O Cotuca estava instalado em um prédio doado pela Associação Bento Quirino ao Governo do Estado de São Paulo em 1958. Já em 1967, através de um convênio, o colégio passou a ser administrado pela Unicamp. Contudo, pouco mais de três anos atrás, o prédio histórico entrou em estado de abandono. A gestão passada da Unicamp estudava ocupar um dos prédios mais preservados com um novo polo do Museu Exploratório de Ciências. A ideia ainda está sendo trabalhada, mas sem data para acontecer.

 

A área de arquitetura do museu é quem está cuidando da restauração do prédio do fundo do Cotuca, para que para lá possam ser levadas algumas atividades, além da montagem de um laboratório. Desta maneira, seria possível atrair o interesse da população e, com isso, resolver o problema de isolamento do local. Entre as afirmações do Museu de Ciências para a busca por um novo lugar está sua localização, na Avenida Alan Turing, 1500, na Cidade Universitária. O local é visto como isolado e, por conta disso, recebe menos pessoas do que seu potencial.

 

Após a desativação do prédio na região central, a Unicamp transferiu as atividades escolares para um novo imóvel, localizado no bairro Taquaral. Enquanto isso, o reitor revelou que a prioridade está na construção da nova sede. "A construção já foi aprovada aqui na universidade, agora estamos buscando recursos para realizá-la", afirmou Knobel, que disse já haver uma área destinada para a obra.

 

 

Comércio local

Por conta da desativação, quem também acabou prejudicado foi o comércio na região. A grande quantidade de alunos que o Cotuca recebia procurava locais próximos para comer, tirar cópias ou comprar materiais.
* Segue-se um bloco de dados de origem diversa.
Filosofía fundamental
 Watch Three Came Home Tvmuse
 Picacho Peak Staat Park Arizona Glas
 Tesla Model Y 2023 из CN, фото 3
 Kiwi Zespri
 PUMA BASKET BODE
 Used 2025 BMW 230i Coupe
Para o comerciante Evandro Ligabó Soares, de 65 anos, a ausência dos jovens resultou em uma diminuição considerável de renda.

 

"Não sei dizer quanto deixei de lucrar, mas com certeza me prejudicou. Estou neste ponto há muitos anos, e me lembro que sempre vinham vários alunos para comprar caderno, lápis, borracha. Agora isso não acontece mais. Espero que encontrem uma solução rapidamente, para que assim o prédio possa voltar a ser frequentado", contou.

 

Gerente de um bar próximo ao colégio, Maristela Siviero Diaz, de 39 anos, explicou que o horário do almoço costumava ser lotado quando o Cotuca funcionava por lá. "Como algumas aulas aconteciam no período da tarde, muitos jovens que estudavam de manhã no colegial passavam por ali para comer e depois seguiam para o curso técnico", disse.

 

Sobre o destino do prédio antigo, o reitor explicou que ainda estão decidindo o que fazer. "A universidade, por falta de recursos, não consegue reformar. A questão do comercio na região é uma preocupação nossa também, temos discutido isso com a Prefeitura, é uma região importante, tem toda a questão da manutenção do patrimônio histórico".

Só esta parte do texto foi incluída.